Work request:
Repeat the records below verbatim.

Source records
<<<<

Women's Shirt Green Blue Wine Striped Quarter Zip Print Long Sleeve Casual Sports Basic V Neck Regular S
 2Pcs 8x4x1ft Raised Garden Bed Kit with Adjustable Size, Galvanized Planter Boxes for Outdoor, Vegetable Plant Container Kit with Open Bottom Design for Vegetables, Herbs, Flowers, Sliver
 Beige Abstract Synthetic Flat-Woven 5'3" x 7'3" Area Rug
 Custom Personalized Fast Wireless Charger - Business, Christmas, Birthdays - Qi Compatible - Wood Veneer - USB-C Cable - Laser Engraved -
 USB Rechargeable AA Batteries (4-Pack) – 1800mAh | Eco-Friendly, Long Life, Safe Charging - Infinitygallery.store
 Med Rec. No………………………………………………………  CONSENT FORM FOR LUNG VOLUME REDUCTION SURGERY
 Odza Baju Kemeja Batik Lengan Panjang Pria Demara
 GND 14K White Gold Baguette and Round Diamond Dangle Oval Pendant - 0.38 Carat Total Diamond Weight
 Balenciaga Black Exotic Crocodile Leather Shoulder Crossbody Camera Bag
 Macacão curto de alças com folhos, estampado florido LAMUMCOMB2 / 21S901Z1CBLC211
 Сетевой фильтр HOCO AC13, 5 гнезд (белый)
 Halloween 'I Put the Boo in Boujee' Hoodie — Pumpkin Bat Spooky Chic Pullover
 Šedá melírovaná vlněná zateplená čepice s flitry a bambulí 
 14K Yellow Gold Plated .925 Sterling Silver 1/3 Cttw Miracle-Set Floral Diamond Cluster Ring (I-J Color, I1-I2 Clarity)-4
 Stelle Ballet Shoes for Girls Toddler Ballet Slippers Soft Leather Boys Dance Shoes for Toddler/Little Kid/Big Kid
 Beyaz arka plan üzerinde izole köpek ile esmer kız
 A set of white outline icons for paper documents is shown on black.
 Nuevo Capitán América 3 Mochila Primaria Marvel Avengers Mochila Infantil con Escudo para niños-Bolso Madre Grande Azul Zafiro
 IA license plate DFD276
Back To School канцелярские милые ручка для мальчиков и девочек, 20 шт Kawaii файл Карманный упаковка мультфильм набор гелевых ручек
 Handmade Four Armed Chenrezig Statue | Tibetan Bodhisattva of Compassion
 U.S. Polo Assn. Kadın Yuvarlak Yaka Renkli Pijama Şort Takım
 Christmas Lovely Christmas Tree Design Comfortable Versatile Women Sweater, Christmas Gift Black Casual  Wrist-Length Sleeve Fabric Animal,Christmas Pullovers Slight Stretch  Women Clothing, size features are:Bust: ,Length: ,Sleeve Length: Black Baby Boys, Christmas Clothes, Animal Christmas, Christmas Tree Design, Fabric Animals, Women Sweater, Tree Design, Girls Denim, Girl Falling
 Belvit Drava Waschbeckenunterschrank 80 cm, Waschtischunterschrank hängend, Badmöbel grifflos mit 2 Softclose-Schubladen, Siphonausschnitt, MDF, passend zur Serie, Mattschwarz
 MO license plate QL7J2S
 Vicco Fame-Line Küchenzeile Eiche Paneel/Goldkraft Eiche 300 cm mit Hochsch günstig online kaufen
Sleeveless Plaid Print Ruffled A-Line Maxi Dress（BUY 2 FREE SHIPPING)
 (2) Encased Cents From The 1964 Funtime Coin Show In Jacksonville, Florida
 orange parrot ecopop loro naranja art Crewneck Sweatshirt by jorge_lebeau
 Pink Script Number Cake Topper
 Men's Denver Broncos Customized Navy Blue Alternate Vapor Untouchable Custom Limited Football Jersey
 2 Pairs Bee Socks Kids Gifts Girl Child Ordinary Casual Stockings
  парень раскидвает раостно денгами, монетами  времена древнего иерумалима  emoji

>>>>

Response to the exercise:
Women's Shirt Green Blue Wine Striped Quarter Zip Print Long Sleeve Casual Sports Basic V Neck Regular S
 2Pcs 8x4x1ft Raised Garden Bed Kit with Adjustable Size, Galvanized Planter Boxes for Outdoor, Vegetable Plant Container Kit with Open Bottom Design for Vegetables, Herbs, Flowers, Sliver
 Beige Abstract Synthetic Flat-Woven 5'3" x 7'3" Area Rug
 Custom Personalized Fast Wireless Charger - Business, Christmas, Birthdays - Qi Compatible - Wood Veneer - USB-C Cable - Laser Engraved -
 USB Rechargeable AA Batteries (4-Pack) – 1800mAh | Eco-Friendly, Long Life, Safe Charging - Infinitygallery.store
 Med Rec. No………………………………………………………  CONSENT FORM FOR LUNG VOLUME REDUCTION SURGERY
 Odza Baju Kemeja Batik Lengan Panjang Pria Demara
 GND 14K White Gold Baguette and Round Diamond Dangle Oval Pendant - 0.38 Carat Total Diamond Weight
 Balenciaga Black Exotic Crocodile Leather Shoulder Crossbody Camera Bag
 Macacão curto de alças com folhos, estampado florido LAMUMCOMB2 / 21S901Z1CBLC211
 Сетевой фильтр HOCO AC13, 5 гнезд (белый)
 Halloween 'I Put the Boo in Boujee' Hoodie — Pumpkin Bat Spooky Chic Pullover
 Šedá melírovaná vlněná zateplená čepice s flitry a bambulí 
 14K Yellow Gold Plated .925 Sterling Silver 1/3 Cttw Miracle-Set Floral Diamond Cluster Ring (I-J Color, I1-I2 Clarity)-4
 Stelle Ballet Shoes for Girls Toddler Ballet Slippers Soft Leather Boys Dance Shoes for Toddler/Little Kid/Big Kid
 Beyaz arka plan üzerinde izole köpek ile esmer kız
 A set of white outline icons for paper documents is shown on black.
 Nuevo Capitán América 3 Mochila Primaria Marvel Avengers Mochila Infantil con Escudo para niños-Bolso Madre Grande Azul Zafiro
 IA license plate DFD276
Back To School канцелярские милые ручка для мальчиков и девочек, 20 шт Kawaii файл Карманный упаковка мультфильм набор гелевых ручек
 Handmade Four Armed Chenrezig Statue | Tibetan Bodhisattva of Compassion
 U.S. Polo Assn. Kadın Yuvarlak Yaka Renkli Pijama Şort Takım
 Christmas Lovely Christmas Tree Design Comfortable Versatile Women Sweater, Christmas Gift Black Casual  Wrist-Length Sleeve Fabric Animal,Christmas Pullovers Slight Stretch  Women Clothing, size features are:Bust: ,Length: ,Sleeve Length: Black Baby Boys, Christmas Clothes, Animal Christmas, Christmas Tree Design, Fabric Animals, Women Sweater, Tree Design, Girls Denim, Girl Falling
 Belvit Drava Waschbeckenunterschrank 80 cm, Waschtischunterschrank hängend, Badmöbel grifflos mit 2 Softclose-Schubladen, Siphonausschnitt, MDF, passend zur Serie, Mattschwarz
 MO license plate QL7J2S
 Vicco Fame-Line Küchenzeile Eiche Paneel/Goldkraft Eiche 300 cm mit Hochsch günstig online kaufen
Sleeveless Plaid Print Ruffled A-Line Maxi Dress（BUY 2 FREE SHIPPING)
 (2) Encased Cents From The 1964 Funtime Coin Show In Jacksonville, Florida
 orange parrot ecopop loro naranja art Crewneck Sweatshirt by jorge_lebeau
 Pink Script Number Cake Topper
 Men's Denver Broncos Customized Navy Blue Alternate Vapor Untouchable Custom Limited Football Jersey
 2 Pairs Bee Socks Kids Gifts Girl Child Ordinary Casual Stockings
  парень раскидвает раостно денгами, монетами  времена древнего иерумалима  emoji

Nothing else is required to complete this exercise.